Entre-temps, les missions à travers le monde continuent, tant et  si bien que trois membres de l'espace présidentiel viennent ''d'embarquer'' dans leurs tournées américano-euro-asiatique, malgré les dénonciations publiques, malgré toutes les rumeurs publiques qui circulent autour des missions, de nouveaux milliards des Fc. Des milliards dépensés sans compter : le président Joseph Kabila est en visite de 13 jours aux pays du soleil levant. Ce sont le Japon, la Corée du Sud et la Chine Populaire. Le Vice-président Azarias Ruberwa n'a pas fini de flirter avec les Etats-Unis d'Amérique, où il s'y rend tous les trois  ou quatre  mois. Allez-y comprendre quelque chose !...  Le Vice-président Jean Pierre Bemba qui vient de rentrer d'un voyage de l'Inde sur ''fonds propres'' ou à  ''ses frais'', a repris l'avion pour Londres d'abord et Brasilia, au Brésil… ensuite.

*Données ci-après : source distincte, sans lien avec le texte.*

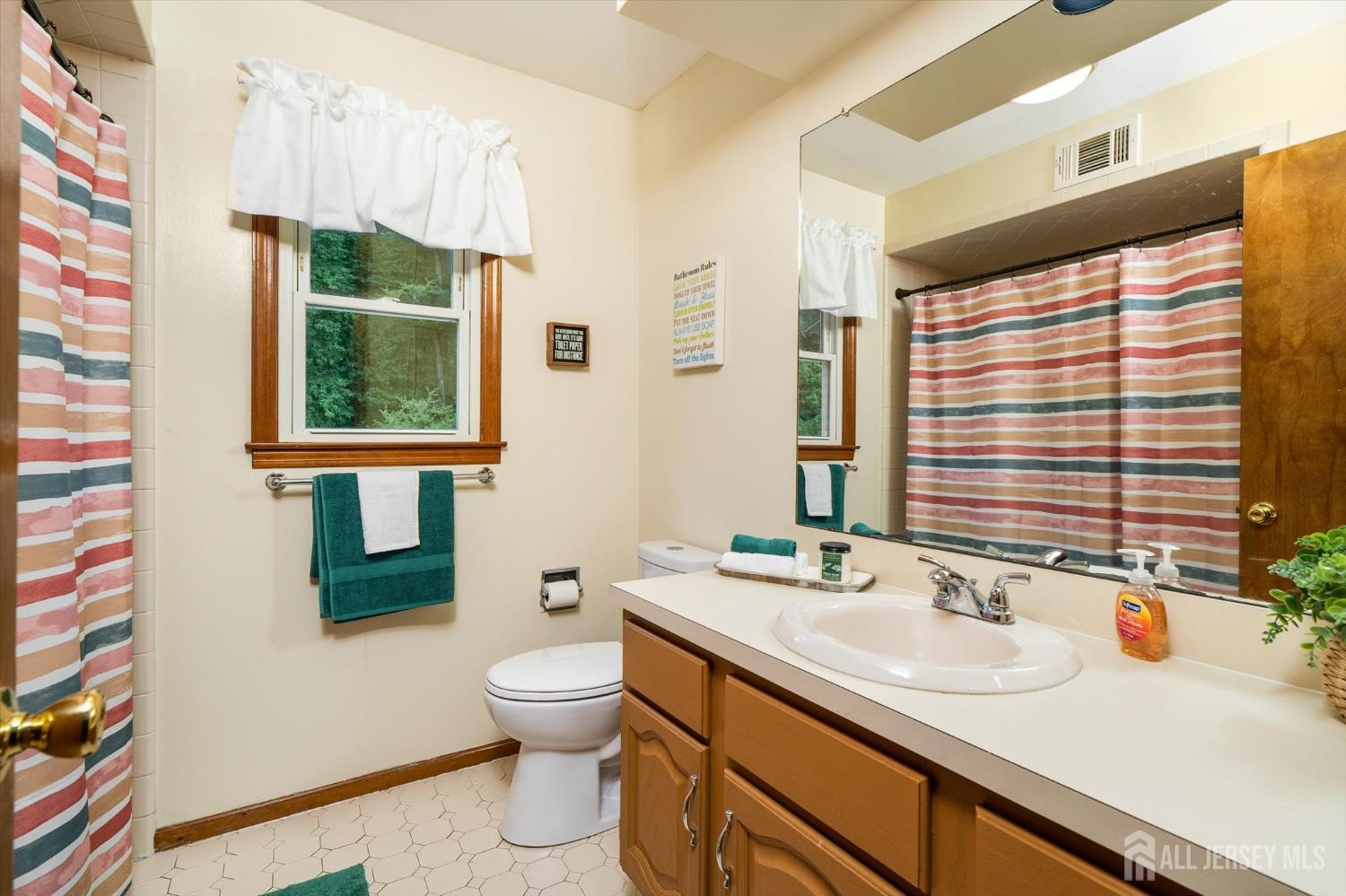 10 Timber Wolf Drive Hamilton NJ 08620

Les explications du gouvernement ne sont pas convaincantes

Au plus fort de la gué-guerre entre le gouvernement et la Banque centrale du Congo, le ministre du Budget avait sorti la grosse artillerie pour couper court aux commentaires malveillants sur la mission qu'effectuait alors en Inde, M. Jean Pierre Bemba. Le MLC François Mwamba a révélé sur la chaîne publique que le Vice-président en charge de l'Ecofin avait effectué ce voyage ''à ses frais'' ou sur ''fonds propres''. Explications peu convaincantes, parce qu'incomplètes et peu familières. Faute de mieux éclairer la lanterne de l'opinion, le ministre Mwamba a créé la confusion dans l'esprit de la majorité des Congolais. C'est comme qui dirait il a jeté la poudre aux yeux  des Congolais !...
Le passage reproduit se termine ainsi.